Against the American liberal idea of a melting pot, Benoist is in favour of separate civilisations and cultures. He opposed Jean-Marie Le Pen (even though many people influenced by Benoist support him), racism and antisemitism. He has opposed Arab immigration to France, while supporting ties with Islamic culture. He favors concepts of "ethnopluralism," in which organic, ethnic cultures and nations must live and develop in separation from one another.
He also opposes Christianity as inherently intolerant, theocratic and bent on persecution.
De Benoist has made pointed criticism of the United States: "Better to wear the helmet of a Red Army soldier," he wrote in 1982, "than to live on a diet of hamburgers in Brooklyn." In 1991, he complained that European supporters of the first Gulf War were "collaborators of the American order."
Benoist argues that heredity is dominant in forming an intellectual elite. In addition, he argues that Europe must return to its pre-Christian roots and uses the Indo-European model, such as Nordic, Celtic, Greek and Roman civilisations, as an alternative to communism and capitalism. "We want to substitute faith for law, mythos for logos... will for pure reason, the image for the concept, and home for exile," he once wrote.

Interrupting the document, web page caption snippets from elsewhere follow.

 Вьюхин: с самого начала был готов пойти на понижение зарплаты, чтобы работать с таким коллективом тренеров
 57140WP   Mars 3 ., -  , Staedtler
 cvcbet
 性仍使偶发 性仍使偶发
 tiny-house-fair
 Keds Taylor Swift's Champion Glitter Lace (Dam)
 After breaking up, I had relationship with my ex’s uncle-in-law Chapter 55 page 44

Benoist has said he opposed racism and violence, saying he is building "a school of thought, not a political movement." While he has complained that nations like the United States suffer from "homogenization," due to multiracial industrialization, he has also distanced himself from some of Jean-Marie Le-Pen's views on immigration.

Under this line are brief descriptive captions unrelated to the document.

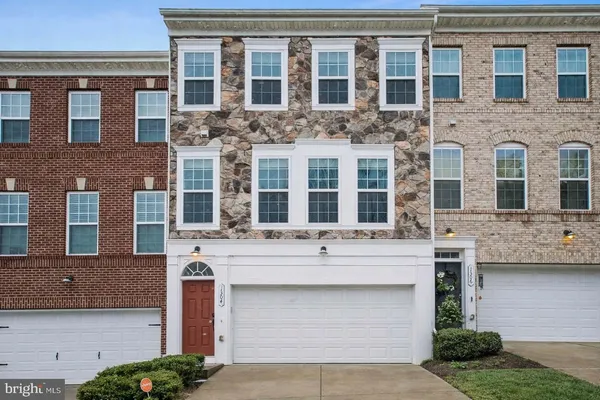 $2,650 | 1304 Gilmore Street, Fredericksburg, VA 22401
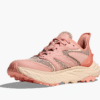HOKA HOKA ONE ONE BaseZip Langermet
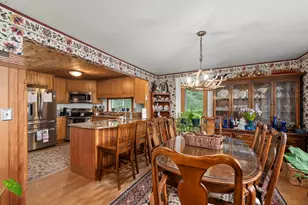 28 McCoy Ct, Campton, NH 03223 - Photo 29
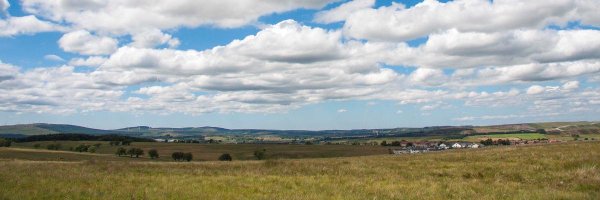 CommunityActLan Profile Banner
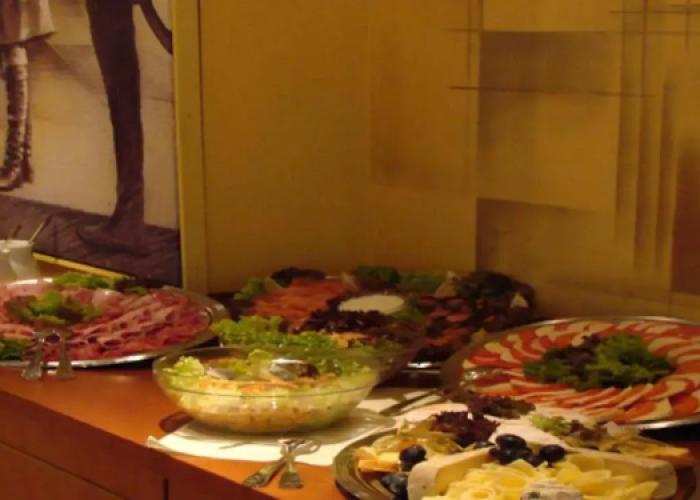 Filmhotel Lili Marleen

Benoist considers himself, however, neither left nor right-wing, and has recently tried to appear less radical: in his preference for Martin Heidegger over his first influence, Friedrich Nietzsche; his support of multiculturalism rather than disappearance of immigrants' identities (though he does not support immigration itself); his interest in ecology; and a less aggressive view of Christianity. He has said that he hopes to see free-debate and greater popular participation in democracy, although he is also critical of modern democracy.
Benoist also promotes a type of federalism, in which the nation state is surpassed, giving way to regional identities and a common continental one at once. This would be distinct from what he sees as the consumerism and materialism of American society, as well as the bureaucracy and repression of the Soviet Union. This vision looks to a Europe of specific peoples, each with their own cultures and heritages.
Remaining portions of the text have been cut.